§ WORK INSTRUCTIONS
Only the pictures should be left out; write out all other data exactly.

§ PROVIDED DATA

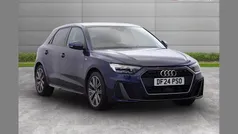 Blue Used 2024 Audi A1 S-Line Hatchback | £24,444 (Fair price)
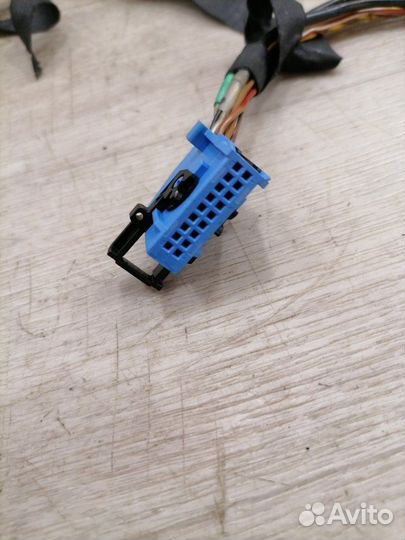Разъем (фишка ) Bmw X5 E53 SVA M57N 2005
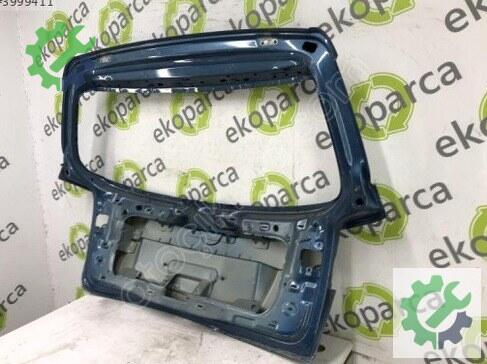 Volkswagen Golf Bagaj Kapağı 5M0827025J çıkma parça
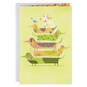 UNICEF Pet Pyramid Birthday Card for Friend, , large image number 1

§ ANSWER BOX
 Blue Used 2024 Audi A1 S-Line Hatchback | £24,444 (Fair price)
Разъем (фишка ) Bmw X5 E53 SVA M57N 2005
 Volkswagen Golf Bagaj Kapağı 5M0827025J çıkma parça
 UNICEF Pet Pyramid Birthday Card for Friend, , large image number 1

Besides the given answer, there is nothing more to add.